Israeli academic philosopher (born 1939)

Avishai Margalit (אבישי מרגלית; born 1939) is an Israeli professor emeritus in philosophy at the Hebrew University of Jerusalem. From 2006 to 2011, he served as the George F. Kennan Professor at the Institute for Advanced Study in Princeton.

==Early life and education==
Avishai Margalit was born in Afula, Mandatory Palestine, and grew up in Jerusalem. He attended high school at the Hebrew University Secondary School. He was educated in Jerusalem and did his army service in the airborne Nahal. In 1960 he started his studies at the Hebrew University, majoring in philosophy and economics. He earned his B.A. in 1963 and his M.A. in philosophy in 1965, his M.A. thesis focusing on Karl Marx's theory of labor. During his years of study he worked as an instructor in a youth village, working with immigrant children who arrived with the mass wave of immigration in the 1950s. Thanks to a British Council scholarship he went to Queens College in Oxford University, where he stayed from 1968 to 1970. His doctoral dissertation, "The Cognitive Status of Metaphors", written under the supervision of Professor Yehoshua Bar-Hillel, earned him his Ph.D summa cum laude 1970 from the Hebrew University.

==Career==
In 1970, Margalit started teaching as an assistant professor at the philosophy department of the Hebrew University where he stayed throughout his academic career, climbing the ladder of academic promotions. In 1998–2006 he was appointed the Shulman Professor of Philosophy, and in 2006 he retired as a professor emeritus from the Hebrew University. Since 2006 Margalit has been the George Kennan Professor at the Institute for Advanced Study in Princeton, New Jersey. He is also a member of the Center for the Study of Rationality at the Hebrew University.

Margalit was a visiting scholar at Harvard University (1974–5); a visiting fellow at Wolfson College, Oxford (1979–80); a visiting professor at the Free University of Berlin and a fellow at the Max Planck Institute, Berlin (1984–5); a visiting fellow at St Antony's College, Oxford (1990); a Rockefeller fellow at the Center for Human Values, Princeton University (1995–6), a scholar at the Russell Sage Foundation in New York (2001–2002) and Senior Fellow at the Global Law Program at NYU (2004–5). In addition, he held short-term visiting professorships at the Central European University in Budapest and at the European University Institute in Florence.

In 1999, Margalit delivered the Horkheimer Lectures at the University of Frankfurt, on The Ethics of Memory. In 2001–2002 he delivered the inaugural lectures at Oxford University as the first Bertelsman Professor there. In 2005 he delivered the Tanner Lectures at Stanford University.

===Political activity===
Margalit was among the founders of the "Moked" political party in 1973 and contributed to the writing of its platform. He was fifteenth on the party's list for the 1973 Knesset elections, but the party won only one seat. In 1975 he participated in the founding of the Israeli Council for Israeli-Palestinian Peace, and in 1978 he belonged to the first group of leaders of Peace Now. In addition, in the 1990s Margalit served on the board of B'Tselem, the Israeli Information Center for Human Rights in the Occupied Territories.

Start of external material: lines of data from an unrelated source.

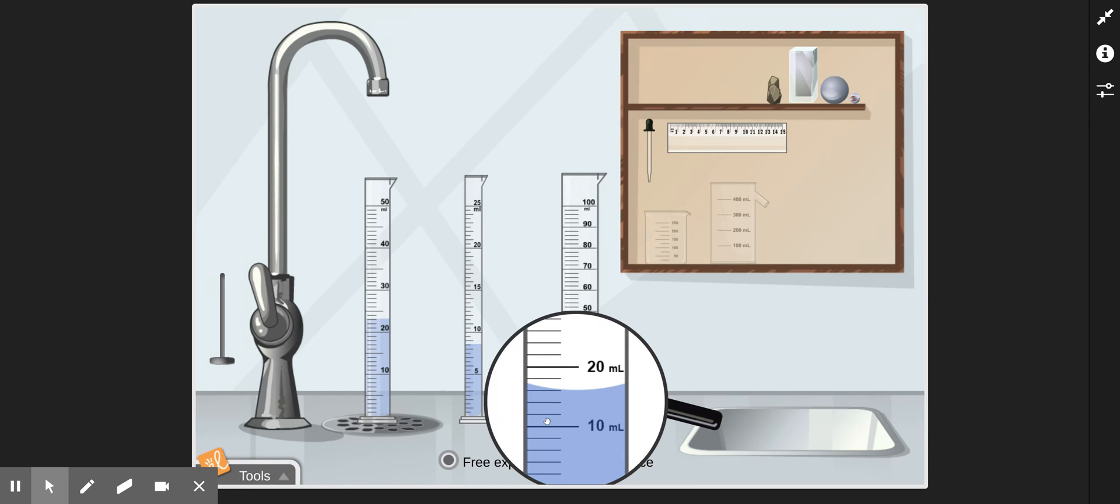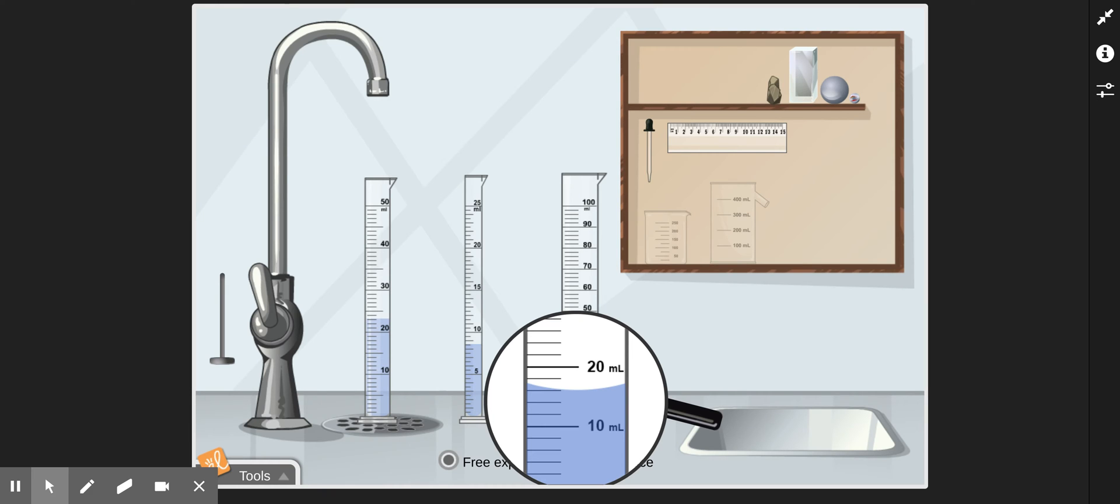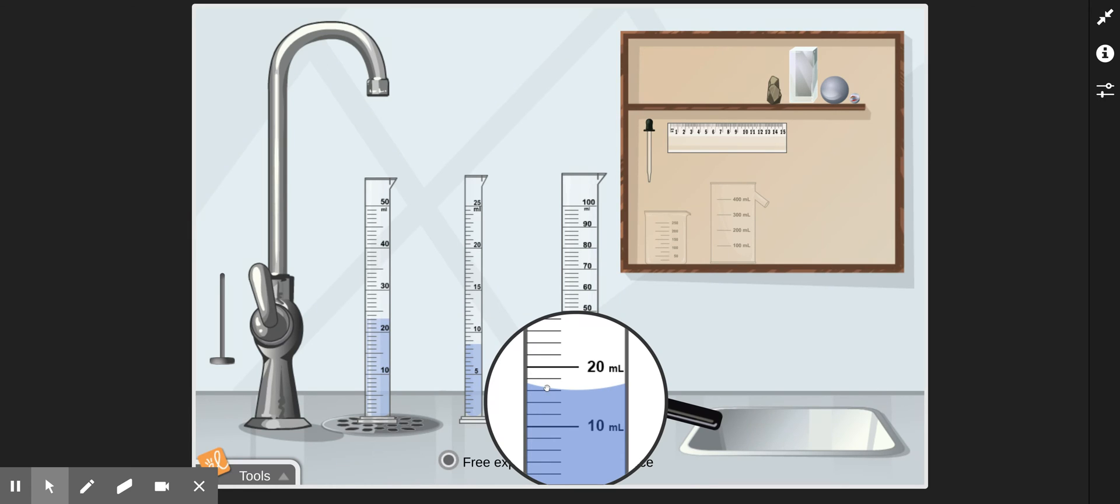The second step is to count the spaces between those two labeled lines. So we would have one, two, three, four, five spaces between the 10 milliliter and 20 milliliter. And then the third thing is to take the amount of change, that 10 milliliter change, and divide it by the number of spaces, which was five. And 10 divided by 5 is 2 milliliters, and that tells us that each line on this graduated cylinder represents 2 milliliters of volume. So we know we're over 10 milliliters, so then the next line would become 12, 14, 16. And that tells us we would have 16 milliliters of volume.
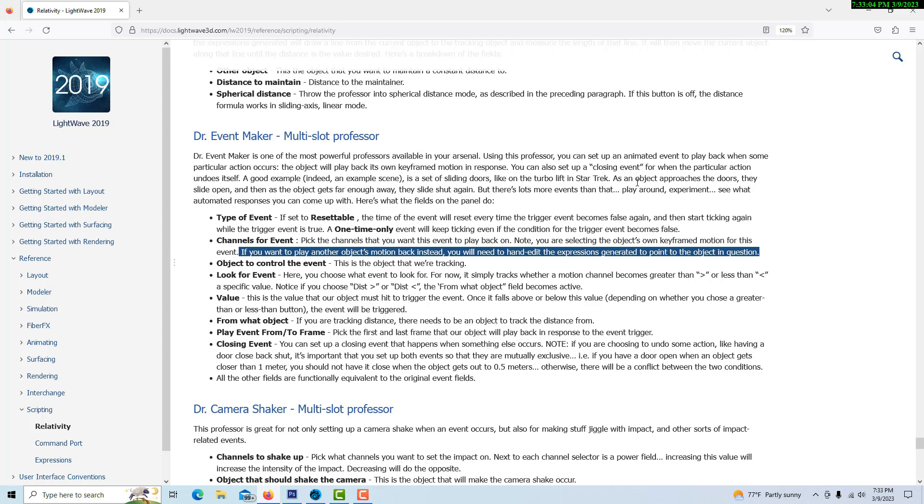Well, I just did a tutorial on how you would hand edit that. So I was thinking Event Maker was where one animation could trigger another separate object's animation, but as you can see, you'd need to hand edit that.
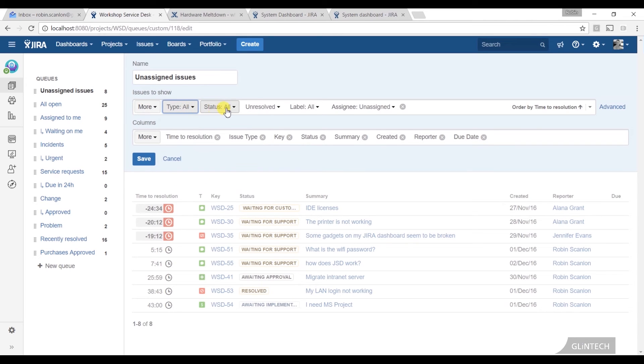You just pick what issues. I want all issues of this type in this project that are resolved, unresolved. I've got this name. I've been unassigned, whatever it might be.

===New York Review of Books contributions===
Since 1984, Margalit has been a frequent contributor to the New York Review of Books (NYRB), where he published articles on social, cultural and political issues; his political profiles included Yitzhak Rabin, Ariel Sharon, Yitzhak Shamir and Shimon Peres, as well as cultural-philosophical profiles of thinkers like Baruch Spinoza, Martin Buber and Yeshayahu Leibowitz. A collection of his NYRB articles was published by Farrar, Straus and Giroux, under the title Views in Review: Politics and Culture in the State of the Jews (1998).

==Academic research==

===Research areas and philosophical approach===
Margalit's early research topics included the philosophy of language and of logic, general analytical philosophy and the concept of rationality. Gradually he shifted toward social and political philosophy, the philosophy of religion and culture, and the philosophical implications of social and cognitive psychology.

In the preface to his book The Ethics of Memory, Margalit offers a distinction between "i.e. philosophy" and "e.g. philosophy". The idea is to distinguish between explicating philosophy, based on conceptual analysis, and exemplifying philosophy, which focuses on real-life examples from history or literature. Without judging between the two, Margalit adopts the second approach. Most of his work since the 1990s reflects this approach to the analysis of philosophical questions.

In contrast to many in the philosophical tradition, who tend to accompany their abstract philosophical discussion with examples that are intentionally artificial or trivial, Margalit often starts from historical examples, whose richness and complexity precede their theoretical conceptualization. Through analyzing these examples he gradually builds up concepts and distinctions that serve him as the philosophical tools needed for the understanding of the phenomena he investigates.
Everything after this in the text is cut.